Jack: In order to tell the story of how a manuscript becomes a published book, we have to go back a little further – to when Jessica and I first met.
Literary agents are the connectors in the publishing world. They’re the interface between authors and publishers. If you’re trying to get your novel published, what you typically do is you first sign with an agent. And then that agent submits your manuscript to editors at different publishing houses. Many editors won’t even look at a manuscript unless it’s coming through an agent; for them, agents are a compatibility filter. It’s like getting a book recommendation from someone you know, and someone who knows your tastes – the kinds of things that you like to read.
Jessica and I met years ago, when I was still working on my first book.
Jessica: It was summertime, summer of 2012 maybe? And I remember scrolling through my email in my office at United Agents, and the Kickstarter newsletter that I subscribe to, and your book, These Days, caught my eye there. And it was the first time I’d ever seen a book pitched on Kickstarter at all, so I was kind of interested to see what that was. It was also the first time I’d ever seen a novel that was going to be self-published that seemed a bit more idea-oriented, and maybe a bit more literary then what you typically get through self-publishing channels. And I really loved your video pitch of that, so yeah, I definitely wanted to read it.
I’ll never forget just dipping into it and expecting that, I don’t know – I had loads of other things that I had to read that weekend … I guess I wasn’t expecting that much of it. But I was completely sucked in from the start, and just read the whole thing all at once.
Jack: So, one thing I wanted to ask you was to talk a little bit about your path in the publishing industry. Like, how you first started and how you became –
Jessica: Well, I had no plan to have a career in the publishing industry when I was a student and started to think about I wanted to do. But I definitely have always been a really serious reader and loved novels and poetry. I was also really internationally focused from a really early age, I think because my parents moved us to Brussels when I was just starting school at like age 5. And that really just opened up my world.

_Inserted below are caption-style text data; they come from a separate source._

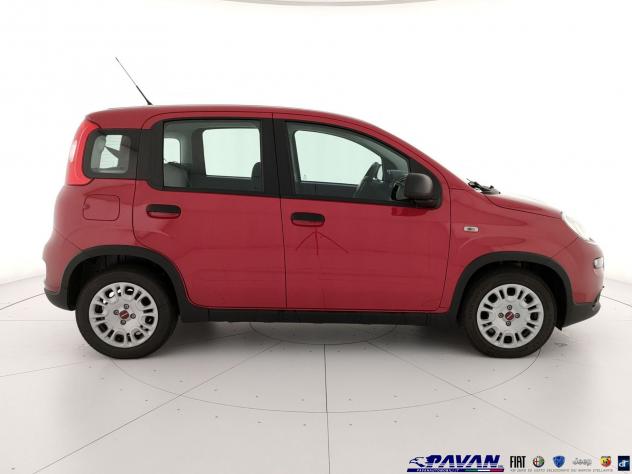 FIAT Pandina Panda 1.0 FireFly 65 CV Hybrid Icon - Foto 5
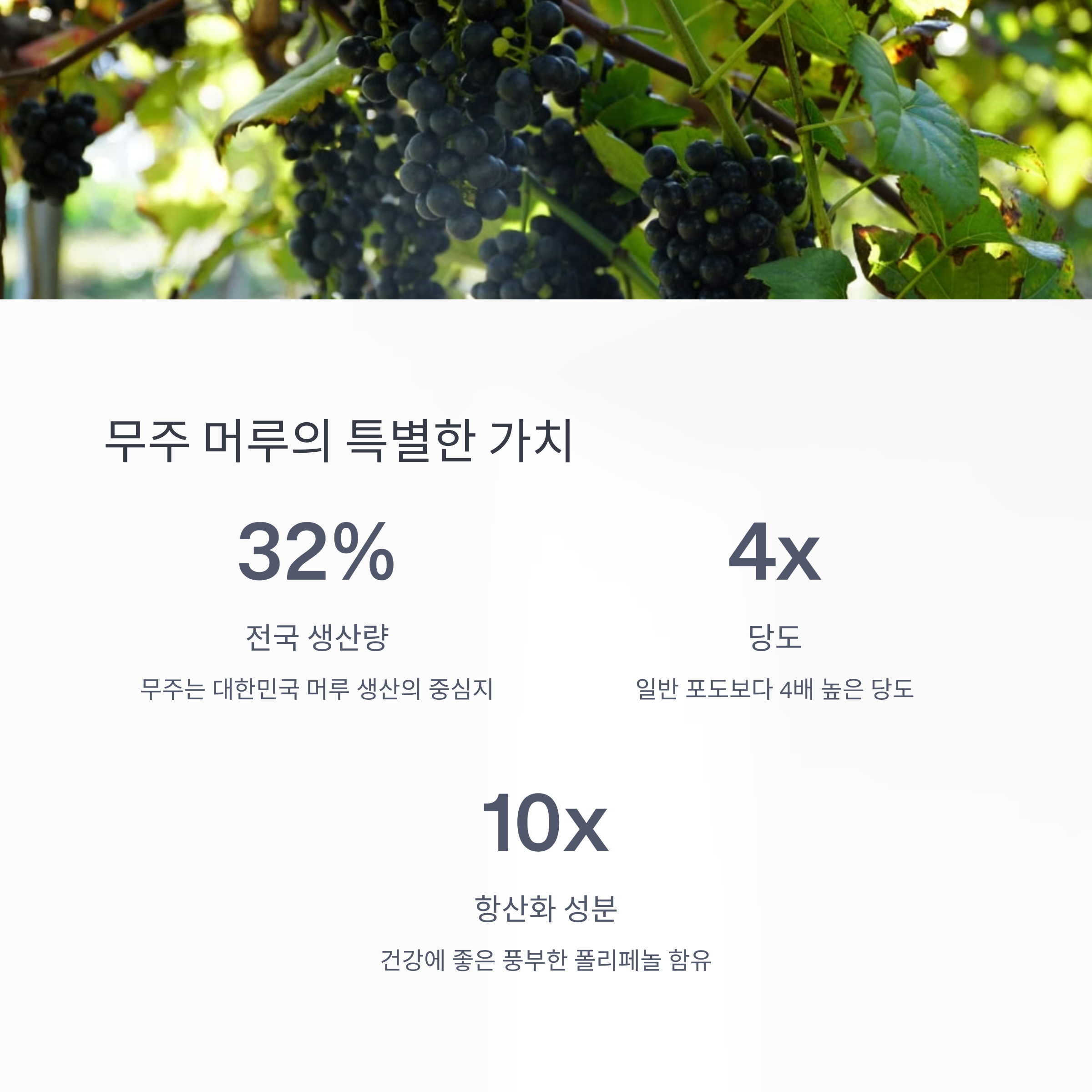 무주 머루의 특별한 가치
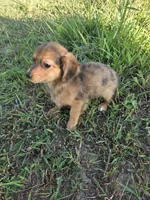 Amanda , a female Chihuahua for sale in Marietta, GA – 2 of 2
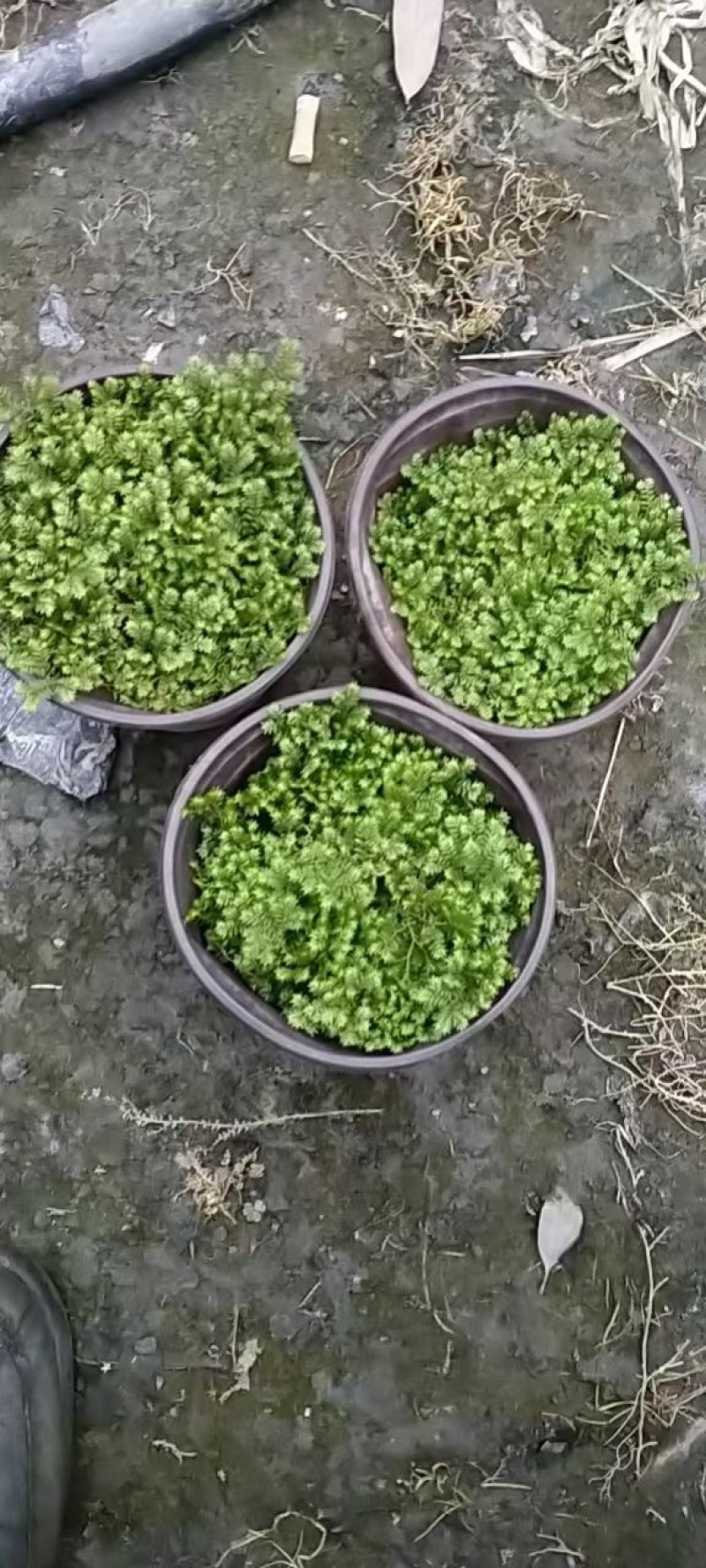 翠云草，大量出售各规格，量大从优，欢迎大家前来选购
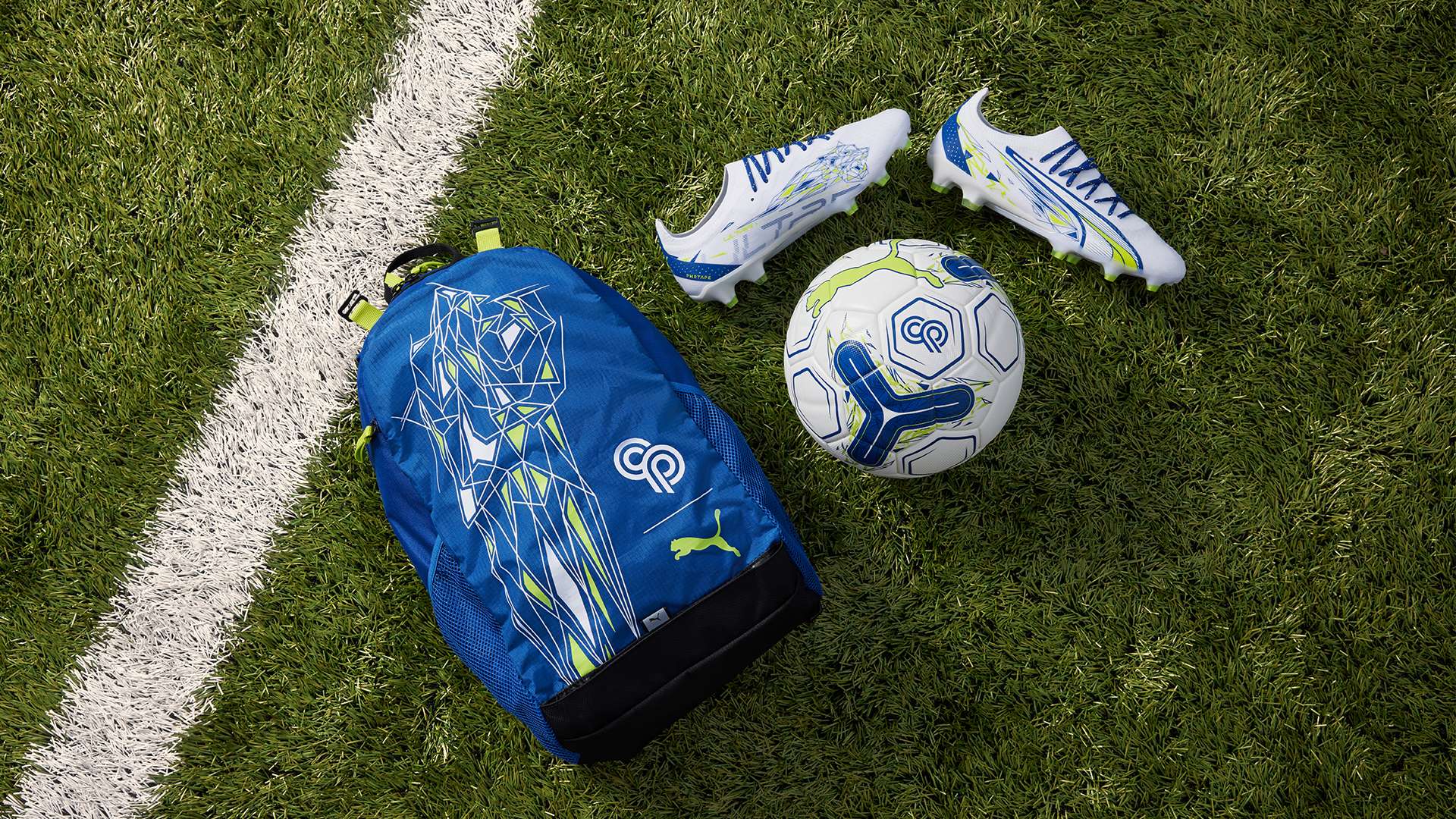 他们认为 他们认为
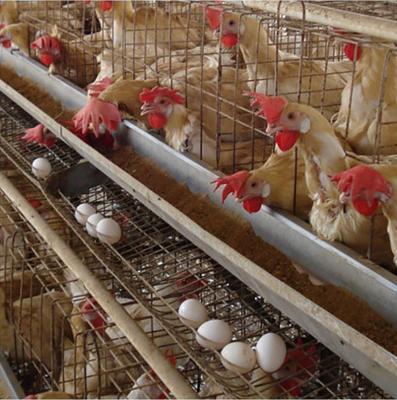 China Layer Chicken Farm Animal And Poultry Agriculture Equipment Chicken Farming for sale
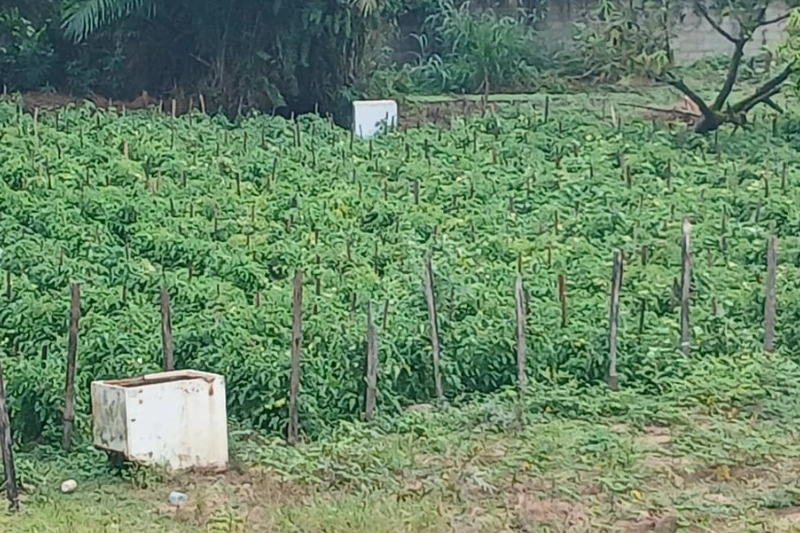 Bassin du Congo : l'agroécologie à l'avant-garde de la sécurité alimentaire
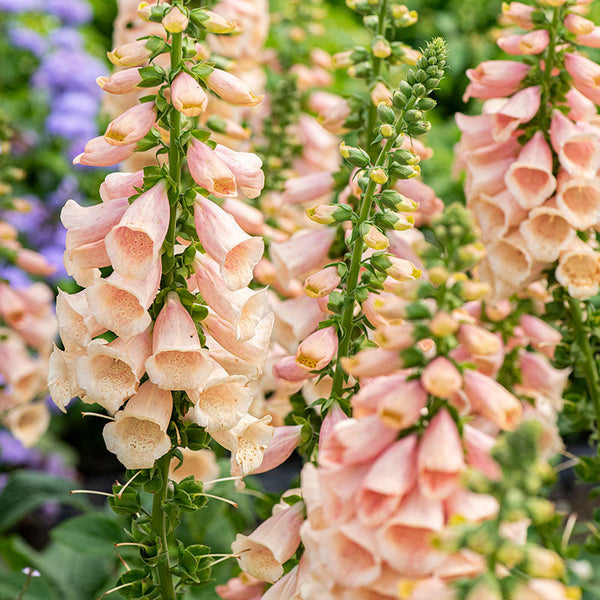 Foxglove 'Dalmatian Peach' F1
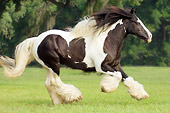 HOR 01 MB0011 01
Gypsy Vanner Horse Mare Cantering In Pasture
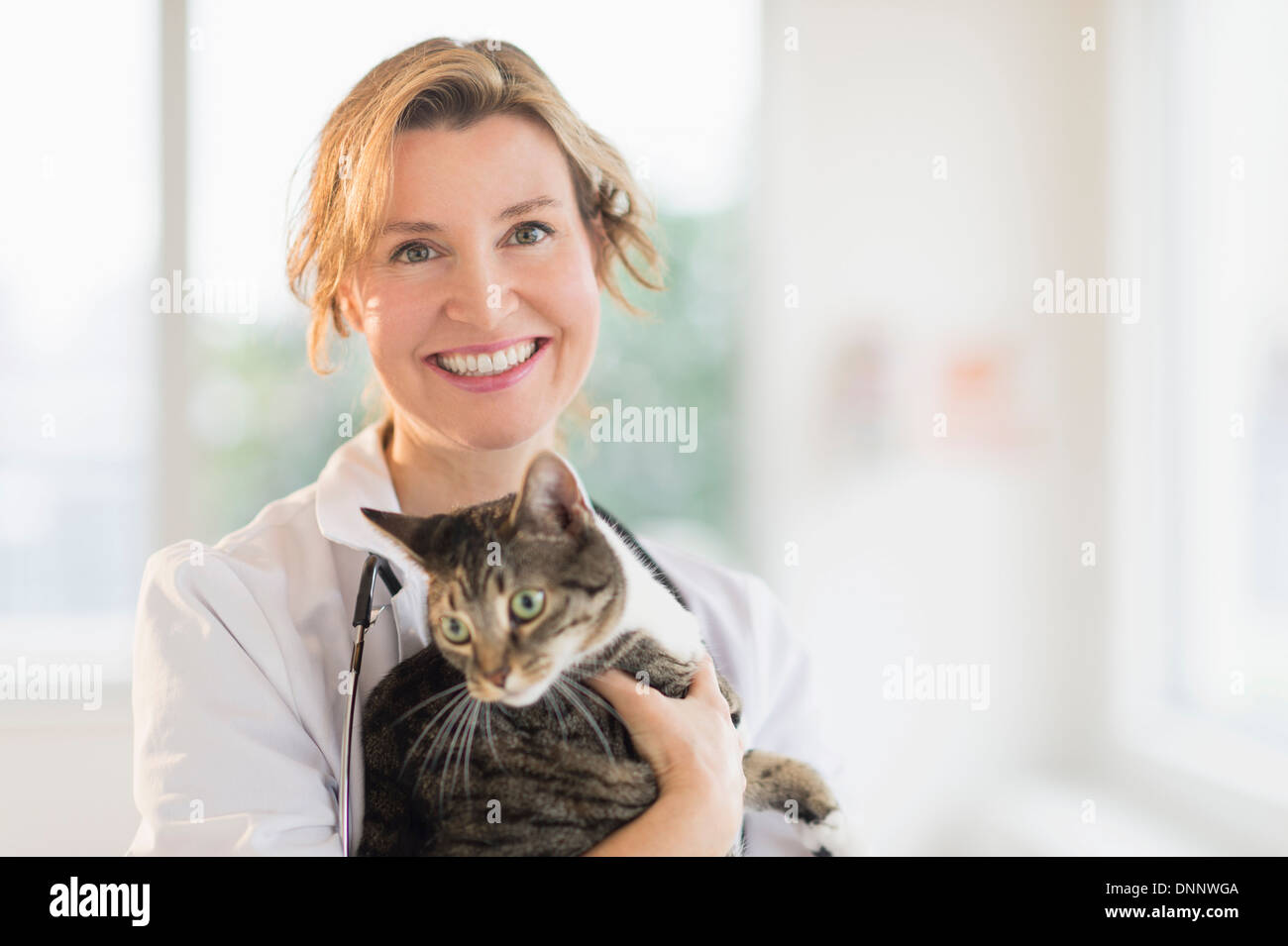 Portrait of female vet with cat Stock Photo - Alamy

When we moved back, which – we moved back to my dad’s hometown in Connecticut – it was really tough for me continuing to go through school with this whole kind of international awareness and experience from those few years in Europe, where it seemed like everyone else I was in school with in this very small Connecticut town had never even been out of the state, let alone the country.
So I was really drawn to the books and the worlds that you get into through books, but also the world in itself. So I went to New York City for university, because that seemed like – I mean, it is the most international city in the United States, if not in the world. And from there, when I was graduating from Columbia, I actually didn’t know what I wanted to do. I just knew that I didn’t want to become an academic, so grad school wasn’t on my agenda.
I remember just going into the student job search office and seeing this index card tacked up on a bulletin board. I mean, this was before – the internet was not actually a part of my life or really any students’ lives that I knew at that point. It was 1994. So in searching for a job, you would just actually look through papers or things on the wall. And yeah, there was this ad for an opening at something called an international literary scouting agency, and I’d never heard of anything like that before.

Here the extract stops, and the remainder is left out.